Amdahl's law begs to differ. If it takes 5s for the web site to arrive from the bank's server, spending 5µs or 500µs in the network stack is completely irrelevant to grandma. Upgrading her cable internet to fiber to cut these 5s down to 500ms will have much more positive impact to her user experience than optimizing the crap out of her tablet's network stack from 5µs down to 1µs.

> I'd argue that this would be a bigger architectural revolution than porting the existing code and running it in user-land. MINIX3 went through such a change

MINIX is a microkernel architecture - running drivers in userspace is one of its core features/selling points, and one that differentiates it from (modular) monolithic kernels such as Linux. So, this isn't a very solid line of reasoning.

It seems to me that the situation is the opposite - that moving drivers to userspace is an architectural change, which is more complex than porting an existing architecture to a new language.

> Rust code can still be vulnerable in many other ways

Sure, but not vulnerable in the way that the vulnerability under discussion is.

> memory leaks

Much harder in Rust than C, and also unlike in C, not going to result in security vulnerabilities.

> buggy/compromised toolchains

If you're going to assume that your toolchain is compromised, than anything is on the table, including the toolchain inserting a backdoor into the kernel and completely bypassing the proposed architectural change of moving drivers into user-space. And, needless to say, compiler bugs are rare in general, and compiler bugs that cause software vulnerabilities are nearly unheard of (and I've literally never seen one before).

Nobody thinking rationally is going to tell you that Rust is going to eliminate all your bugs or make your code secure. However, by far, the majority of security bugs in the Linux kernel are due to mistakes that the design of Rust either completely eliminates or massively reduces.

And security is intrinsically a tradeoff - the Linux kernel is not optimized for maximum security (which would be something formally-verified like seL4), but a compromise between security, performance, and development velocity. The claim is that Rust will provide significantly better security at basically the same performance and possibly modestly improved development velocity - the very least that one should do is rewrite the existing architecture in it (or, again, a language that meets or exceeds the specs of Rust) and then see what the bug rate is before deciding to take a guaranteed performance hit through an architectural change.

> MINIX is a microkernel architecture - running drivers in userspace is one of its core features/selling points, and one that differentiates it from (modular) monolithic kernels such as Linux. So, this isn't a very solid line of reasoning.

The first two versions of MINIX ran drivers inside the context of the kernel. The migration of drivers to user-space and overall emphasis on reliability didn't happen before MINIX3 in 2006.

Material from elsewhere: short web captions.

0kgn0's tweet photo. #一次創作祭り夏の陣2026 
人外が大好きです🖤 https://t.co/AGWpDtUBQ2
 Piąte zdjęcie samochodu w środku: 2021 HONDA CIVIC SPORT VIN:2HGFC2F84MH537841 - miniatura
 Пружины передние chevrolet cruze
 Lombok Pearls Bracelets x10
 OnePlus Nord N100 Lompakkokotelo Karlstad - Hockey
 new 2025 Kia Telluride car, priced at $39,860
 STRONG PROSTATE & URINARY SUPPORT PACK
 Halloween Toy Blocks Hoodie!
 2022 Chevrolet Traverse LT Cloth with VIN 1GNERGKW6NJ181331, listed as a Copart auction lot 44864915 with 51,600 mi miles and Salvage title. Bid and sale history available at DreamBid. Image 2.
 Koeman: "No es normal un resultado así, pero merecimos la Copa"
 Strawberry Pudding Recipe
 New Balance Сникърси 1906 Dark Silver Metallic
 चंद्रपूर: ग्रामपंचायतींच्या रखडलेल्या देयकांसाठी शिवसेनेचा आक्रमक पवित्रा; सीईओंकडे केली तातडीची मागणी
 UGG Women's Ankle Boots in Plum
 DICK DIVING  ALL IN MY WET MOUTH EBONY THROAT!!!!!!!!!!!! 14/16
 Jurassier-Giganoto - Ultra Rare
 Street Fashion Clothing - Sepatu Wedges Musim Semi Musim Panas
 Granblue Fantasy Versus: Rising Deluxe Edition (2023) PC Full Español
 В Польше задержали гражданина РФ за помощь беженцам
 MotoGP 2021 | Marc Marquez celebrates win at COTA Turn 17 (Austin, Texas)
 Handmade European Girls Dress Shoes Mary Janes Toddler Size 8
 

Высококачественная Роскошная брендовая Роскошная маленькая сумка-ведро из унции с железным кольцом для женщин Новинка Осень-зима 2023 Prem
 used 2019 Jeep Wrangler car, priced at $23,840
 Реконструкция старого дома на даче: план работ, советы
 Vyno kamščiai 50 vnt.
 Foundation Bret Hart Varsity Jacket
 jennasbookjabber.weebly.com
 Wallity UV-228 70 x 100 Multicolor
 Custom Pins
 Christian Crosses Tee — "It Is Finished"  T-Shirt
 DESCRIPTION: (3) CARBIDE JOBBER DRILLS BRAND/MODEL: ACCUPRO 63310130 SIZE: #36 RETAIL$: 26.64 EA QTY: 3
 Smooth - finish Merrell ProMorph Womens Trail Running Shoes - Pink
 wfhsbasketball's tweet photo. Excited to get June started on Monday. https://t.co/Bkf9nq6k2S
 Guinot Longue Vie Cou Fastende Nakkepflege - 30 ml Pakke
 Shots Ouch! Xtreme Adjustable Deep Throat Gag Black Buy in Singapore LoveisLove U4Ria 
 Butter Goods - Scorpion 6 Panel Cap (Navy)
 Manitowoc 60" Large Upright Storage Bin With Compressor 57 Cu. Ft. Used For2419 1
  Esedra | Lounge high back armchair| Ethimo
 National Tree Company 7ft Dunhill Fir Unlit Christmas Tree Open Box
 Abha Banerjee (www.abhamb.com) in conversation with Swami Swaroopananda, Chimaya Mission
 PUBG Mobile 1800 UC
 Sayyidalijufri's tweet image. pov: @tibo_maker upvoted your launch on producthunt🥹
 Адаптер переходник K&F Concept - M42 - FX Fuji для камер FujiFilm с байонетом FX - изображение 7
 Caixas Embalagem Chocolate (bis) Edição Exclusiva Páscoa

Given that Linux nowadays has FUSE and UIO, still calling it a strictly monolithic kernel is probably a bit of a misnomer at this point. The same goes for Windows, NetBSD and others by the way.

> It seems to me that the situation is the opposite - that moving drivers to userspace is an architectural change, which is more complex than porting an existing architecture to a new language.

Trying to do a straightforward port of a C code base to Rust will quickly grind to a halt due to Rust's borrow checker. On a highly-optimized code base such as the Linux network stack, untangling every last optimization trick and shortcut to make the Rust compiler happy would require a large-scale refactoring that'll end up looking nothing like the original code base, at which point you might as well rewrite it from scratch.

In comparison, migrating that C code base to user-land would be less of a disruptive change to the code base (as was the case when MINIX3 did so with its drivers). It's still the same old network stack, adapted to run on a different environment.

> Sure, but not vulnerable in the way that the vulnerability under discussion is.

Rust isn't a silver bullet against every class of bug. Code that runs inside the trusted computing base means that it's one security bug away from system compromise. Writing that code in Rust doesn't change that.